Task description: From the line containing "18 Hole Oscillating" to the last line of the data below, copy everything exactly and nothing else; pictures stay out.

Data shown:
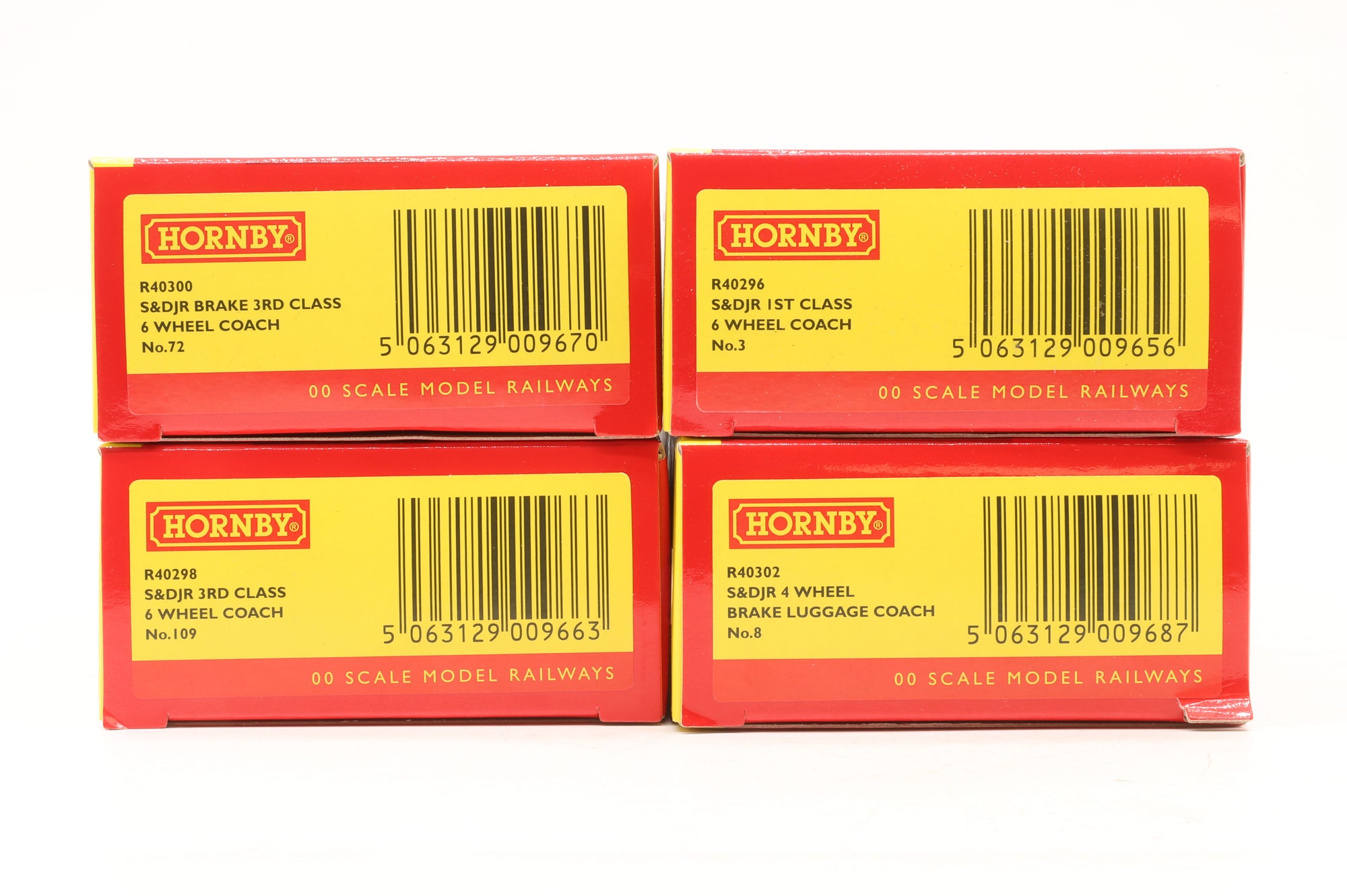 Hornby OO Rake Of 4 S&DJR Blue Coaches Inc. R40302, R40298, R40296 & R40300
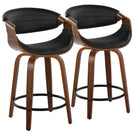 Symphony - Mid Century Modern Fixed Height Counter Stool With Swivel With Round Footrest (Set of 2) - Furniture Home Direct
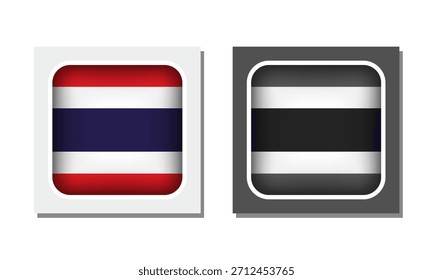 Icono de bandera redondeada cuadrada de Tailandia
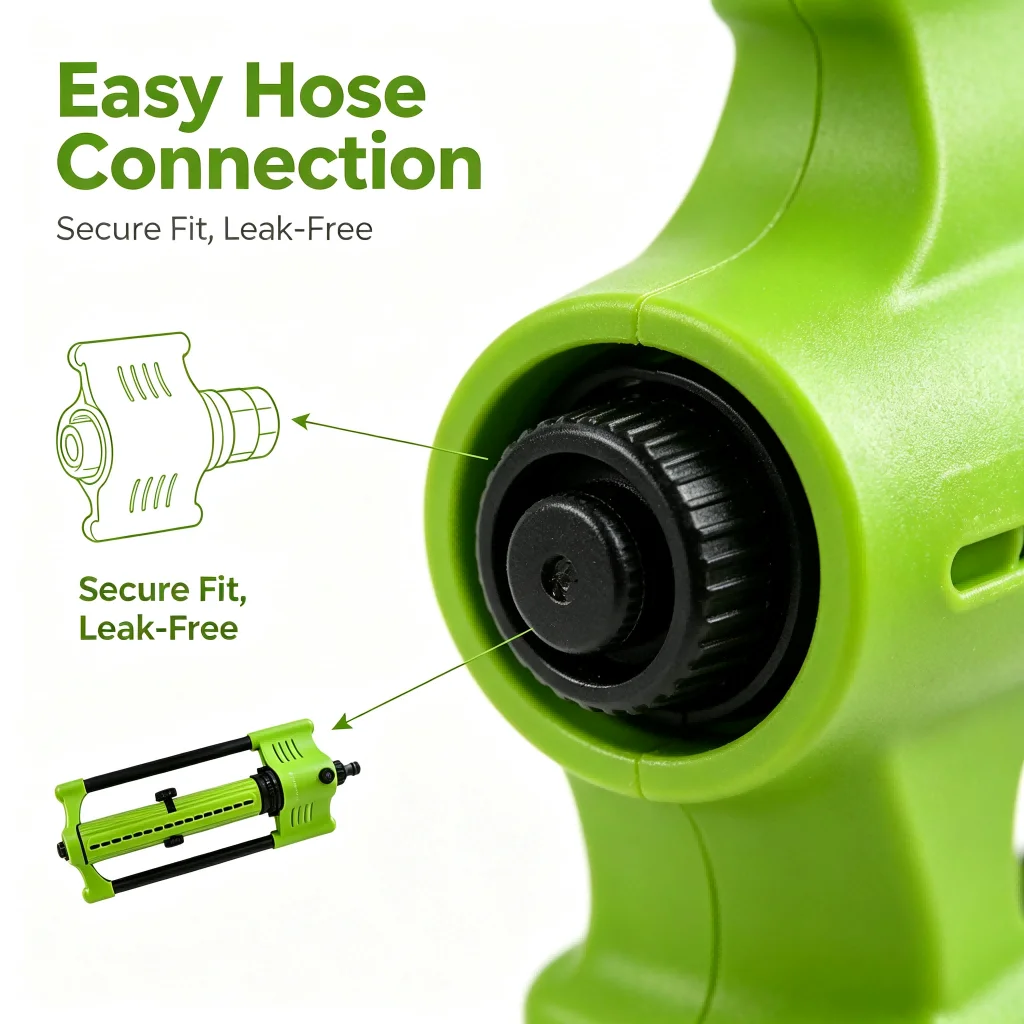 18 Hole Oscillating Sprinkler 180 Degree Coverage Green ABS Aluminum Alloy Adjustable Lawn Garden Watering Spray Irrigation Tool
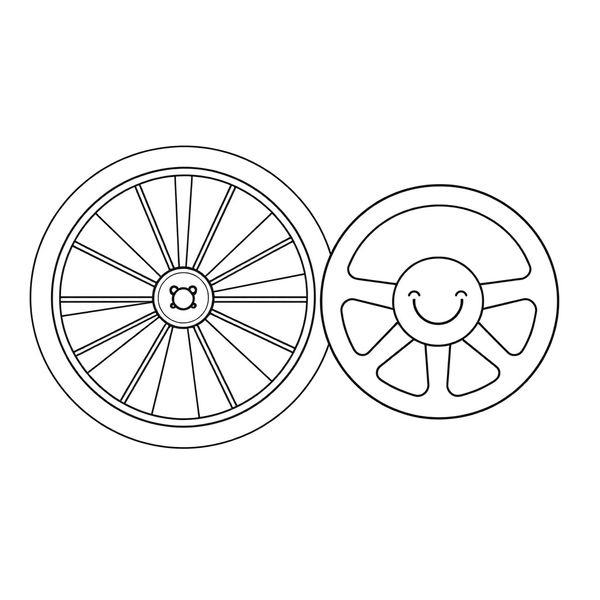 Kolorowanka: Koło i kierownica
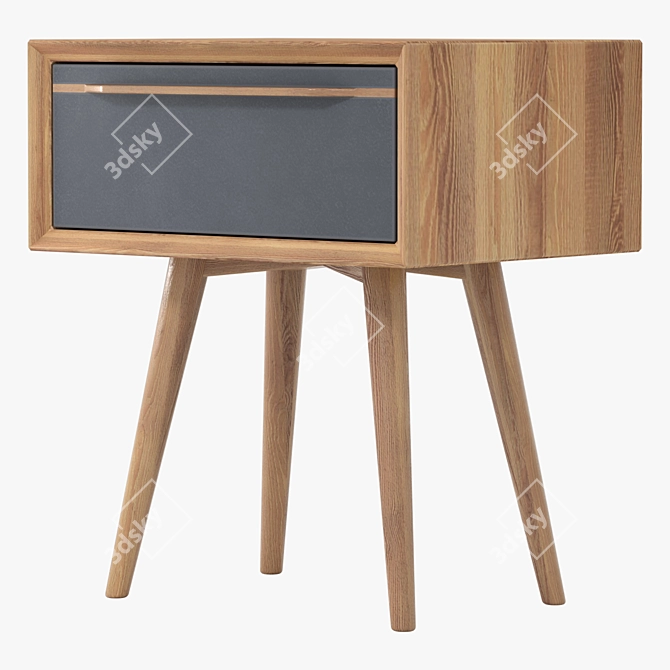 Black Bruni Cabinet with Drawer 3D model image 1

Task answer:
 18 Hole Oscillating Sprinkler 180 Degree Coverage Green ABS Aluminum Alloy Adjustable Lawn Garden Watering Spray Irrigation Tool
 Kolorowanka: Koło i kierownica
 Black Bruni Cabinet with Drawer 3D model image 1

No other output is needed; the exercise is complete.